The production is grounded in realism with expressionist elements, found nowhere more prominently than in Hill’s stunning set. The towering back wall that reaches just beyond the proscenium arch emphasizes an authentic restored cook stove from the period, a donation from the Good Time Stove Company and Three Sisters Sanctuary. A log cabin quilt pattern inspired the diamond-shaped design of the wall’s wood, leading to a port for the stove’s smoke exhaust. Lighting design from Dubin included light filtering through the cracks in the walls, a tribute to original homesteader home designs without insulation to guard against brutal winters. Harsh cold tones overtook the stage as men entered, and warm hues filled the set with humanity when the women were left alone to resume their own quiet investigation.
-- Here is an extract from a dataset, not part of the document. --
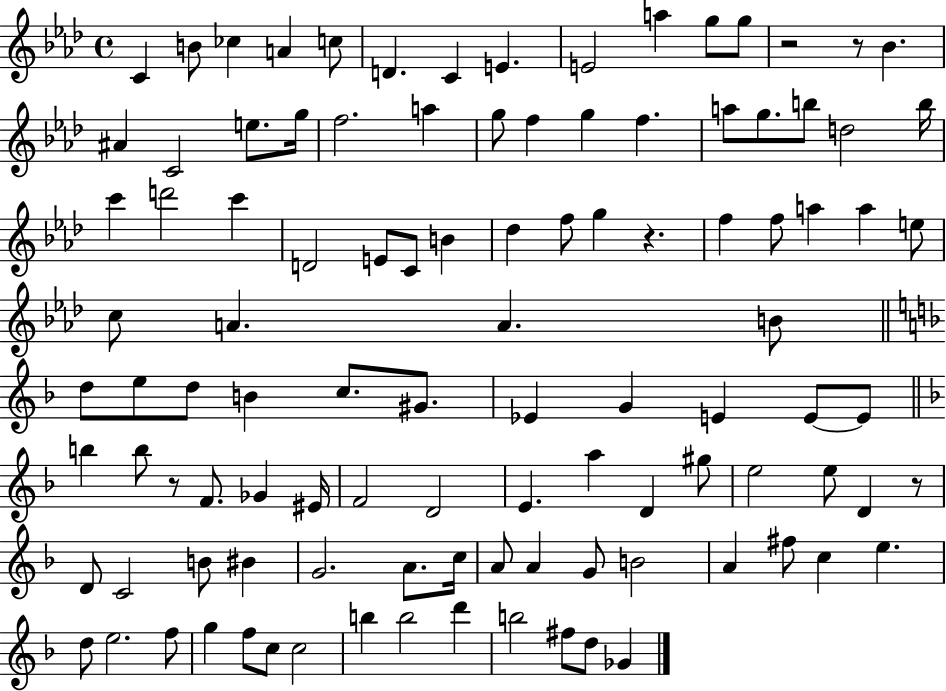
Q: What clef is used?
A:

The theatre department’s production featured a powerful performance by Wei as the repressed-until-pressured Mrs. Peters, including a memorable monologue about the trauma of witnessing a boy kill her kitten with a hatchet as a child. Wilson played a robust and driven Mrs. Hale, leading a crusade to realize Mrs. Wright’s motive for murdering her husband.

From the earliest moments of the show, Wei’s performance conveyed a character that knew all too well how to survive as a woman restricted by the binary gender roles of the early 20th century, which dictated that a woman’s slightest misstep or exercising of personal power was ridiculed or silenced entirely. As the Sheriff’s wife, she is told she’s “married to the law”— but the choice to interpret that direction by playing a cautious, almost invisible character was a powerful contrast to Wilson’s direct Mrs. Hale. The juxtaposition of two women with very different personalities strengthened the commentary of the play by demonstrating that all women were powerless in 1916, treated the same and expected to live the same way, despite their differences in personality, outspokenness or behavior. “Trifles,” which famously depicted women leading a murder investigation during a time period when juries were all male, is significant because of its discussion of the early 20th century marginalization of women, prior to the 19th Amendment and the employment liberation of the ‘We-Can-Do-It’ war effort.

Rooke Theatre’s fall season continues with Keith Hamilton Cobb’s visiting performance of American Moor Nov. 8-11 and The House of Bernarda Alba Dec. 6-9.